> x <- matrix(c(1:4)) > quantile(x,c(0,.25,.5,.75,1)) 0% 25% 50% 75% 100% 1.00 1.75 2.50 3.25 4.00
> x <- matrix(c(1:6)) > quantile(x,c(0,.25,.5,.75,1)) 0% 25% 50% 75% 100% 1.00 2.25 3.50 4.75 6.00
> x <- matrix(c(1:8)) > quantile(x,c(0,.25,.5,.75,1)) 0% 25% 50% 75% 100% 1.00 2.75 4.50 6.25 8.00
With your implicit definition of quantiles (splitting the data set into classes of equal size), each class should have 1.5 observations, so that the quantiles should be
> x <- matrix(c(1:4)) > equalSizeClasses(x,c(0,.25,.5,.75,1)) 0% 25% 50% 75% 100% -Inf 1.50 2.50 3.50 +Inf
> x <- matrix(c(1:6)) > equalSizeClasses(x,c(0,.25,.5,.75,1)) 0% 25% 50% 75% 100% -Inf 2.00 3.50 5.00 +Inf
> x <- matrix(c(1:8)) > equalSizeClasses(x,c(0,.25,.5,.75,1)) 0% 25% 50% 75% 100% -Inf 2.50 4.50 6.50 +Inf
Knut
At 09:30 2004-02-06 -0600, Giovanni Petris wrote:
I am trying to `cut' a continuous variable into contiguous classes containing approximately an equal number of observations. I thought quantile() was the appropriate function to use in order to find the breakpoints, but I end up with classes of different sizes - see example below. Does anybody have an explanation for that? And what is the `recommended' way of computing what I am looking for?
Example:
> ca$age
[1] 28 42 46 45 34 44 48 45 38 45 49 45 41 46 49 46 44 48 52 48 45 50 53 57 46
[26] 52 54 57 47 52 55 59 50 54 57 60 51 55 46 63 51 59 48 35 53 59 57 37 55 32
[51] 60 43 59 37 30 47 60 38 34 48 32 38 36 49 33 42 38 58 35 43 39 59 39 43 42
[76] 60 40 44
> table(cut(ca$age,breaks=c(-Inf,quantile(ca$age, seq(0,1,length=11)[-1]))))

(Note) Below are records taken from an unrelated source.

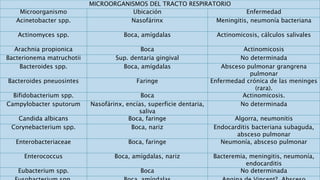 MICROORGANISMOS DEL TRACTO RESPIRATORIO
Microorganismo Ubicación Enfermedad
Acinetobacter spp. Nasofárinx Meningitis, neumonía bacteriana
Actinomyces spp. Boca, amígdalas Actinomicosis, cálculos salivales
Arachnia propionica Boca Actinomicosis
Bacterionema matruchotii Sup. dentaria gingival No determinada
Bacteroides spp. Boca, amígdalas Absceso pulmonar grangrena
pulmonar
Bacteroides pneuosintes Faringe Enfermedad crónica de las meninges
(rara).
Bifidobacterium spp. Boca Actinomicosis.
Campylobacter sputorum Nasofárinx, encías, superficie dentaria,
saliva
No determinada
Candida albicans Boca, faringe Algorra, neumonitis
Corynebacterium spp. Boca, nariz Endocarditis bacteriana subaguda,
absceso pulmonar
Enterobacteriaceae Boca, faringe Neumonía, absceso pulmonar
Enterococcus Boca, amígdalas, nariz Bacteremia, meningitis, neumonía,
endocarditis
Eubacterium spp. Boca No determinada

(-Inf,35] (35,38.4] (38.4,43] (43,45] (45,46.5] (46.5,49] (49,52] (52,55]
9 7 10 8 5 10 7 7
(55,59] (59,63]
10 5
Thanks in advance, Giovanni
--
__________________________________________________ [ ] [ Giovanni Petris [EMAIL PROTECTED] ] [ Department of Mathematical Sciences ] [ University of Arkansas - Fayetteville, AR 72701 ] [ Ph: (479) 575-6324, 575-8630 (fax) ] [ http://definetti.uark.edu/~gpetris/ ] [__________________________________________________]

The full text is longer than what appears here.